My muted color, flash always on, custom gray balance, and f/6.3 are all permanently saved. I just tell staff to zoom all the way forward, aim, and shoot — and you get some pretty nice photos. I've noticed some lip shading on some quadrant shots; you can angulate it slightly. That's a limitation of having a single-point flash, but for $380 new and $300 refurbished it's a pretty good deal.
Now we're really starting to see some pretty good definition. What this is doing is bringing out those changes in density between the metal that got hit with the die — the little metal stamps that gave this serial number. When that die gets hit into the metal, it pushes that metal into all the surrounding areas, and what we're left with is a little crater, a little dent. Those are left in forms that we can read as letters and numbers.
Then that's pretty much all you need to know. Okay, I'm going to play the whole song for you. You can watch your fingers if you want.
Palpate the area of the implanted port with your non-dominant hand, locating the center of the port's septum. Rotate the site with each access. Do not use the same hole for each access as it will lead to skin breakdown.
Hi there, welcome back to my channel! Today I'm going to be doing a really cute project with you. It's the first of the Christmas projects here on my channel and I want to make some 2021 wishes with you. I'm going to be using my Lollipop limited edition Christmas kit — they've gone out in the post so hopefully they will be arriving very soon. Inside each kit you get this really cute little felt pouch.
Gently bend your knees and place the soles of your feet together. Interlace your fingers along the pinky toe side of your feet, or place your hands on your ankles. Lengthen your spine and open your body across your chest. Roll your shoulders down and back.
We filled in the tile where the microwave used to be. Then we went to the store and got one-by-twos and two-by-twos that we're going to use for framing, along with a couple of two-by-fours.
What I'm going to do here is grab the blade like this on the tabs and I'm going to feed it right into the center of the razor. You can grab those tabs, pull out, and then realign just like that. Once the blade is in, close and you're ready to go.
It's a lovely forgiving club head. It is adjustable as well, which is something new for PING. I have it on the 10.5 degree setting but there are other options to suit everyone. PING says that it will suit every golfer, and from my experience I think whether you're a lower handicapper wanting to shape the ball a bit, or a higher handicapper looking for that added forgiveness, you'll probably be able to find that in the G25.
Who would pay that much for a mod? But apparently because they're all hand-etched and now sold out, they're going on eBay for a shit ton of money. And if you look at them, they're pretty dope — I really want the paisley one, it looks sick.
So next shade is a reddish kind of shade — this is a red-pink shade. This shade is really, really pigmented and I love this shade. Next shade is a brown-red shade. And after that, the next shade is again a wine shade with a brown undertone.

WORK ORDER — Render the whole set of entries again, exactly as given.

SOLUTION TO THIS EXERCISE —
My muted color, flash always on, custom gray balance, and f/6.3 are all permanently saved. I just tell staff to zoom all the way forward, aim, and shoot — and you get some pretty nice photos. I've noticed some lip shading on some quadrant shots; you can angulate it slightly. That's a limitation of having a single-point flash, but for $380 new and $300 refurbished it's a pretty good deal.
Now we're really starting to see some pretty good definition. What this is doing is bringing out those changes in density between the metal that got hit with the die — the little metal stamps that gave this serial number. When that die gets hit into the metal, it pushes that metal into all the surrounding areas, and what we're left with is a little crater, a little dent. Those are left in forms that we can read as letters and numbers.
Then that's pretty much all you need to know. Okay, I'm going to play the whole song for you. You can watch your fingers if you want.
Palpate the area of the implanted port with your non-dominant hand, locating the center of the port's septum. Rotate the site with each access. Do not use the same hole for each access as it will lead to skin breakdown.
Hi there, welcome back to my channel! Today I'm going to be doing a really cute project with you. It's the first of the Christmas projects here on my channel and I want to make some 2021 wishes with you. I'm going to be using my Lollipop limited edition Christmas kit — they've gone out in the post so hopefully they will be arriving very soon. Inside each kit you get this really cute little felt pouch.
Gently bend your knees and place the soles of your feet together. Interlace your fingers along the pinky toe side of your feet, or place your hands on your ankles. Lengthen your spine and open your body across your chest. Roll your shoulders down and back.
We filled in the tile where the microwave used to be. Then we went to the store and got one-by-twos and two-by-twos that we're going to use for framing, along with a couple of two-by-fours.
What I'm going to do here is grab the blade like this on the tabs and I'm going to feed it right into the center of the razor. You can grab those tabs, pull out, and then realign just like that. Once the blade is in, close and you're ready to go.
It's a lovely forgiving club head. It is adjustable as well, which is something new for PING. I have it on the 10.5 degree setting but there are other options to suit everyone. PING says that it will suit every golfer, and from my experience I think whether you're a lower handicapper wanting to shape the ball a bit, or a higher handicapper looking for that added forgiveness, you'll probably be able to find that in the G25.
Who would pay that much for a mod? But apparently because they're all hand-etched and now sold out, they're going on eBay for a shit ton of money. And if you look at them, they're pretty dope — I really want the paisley one, it looks sick.
So next shade is a reddish kind of shade — this is a red-pink shade. This shade is really, really pigmented and I love this shade. Next shade is a brown-red shade. And after that, the next shade is again a wine shade with a brown undertone.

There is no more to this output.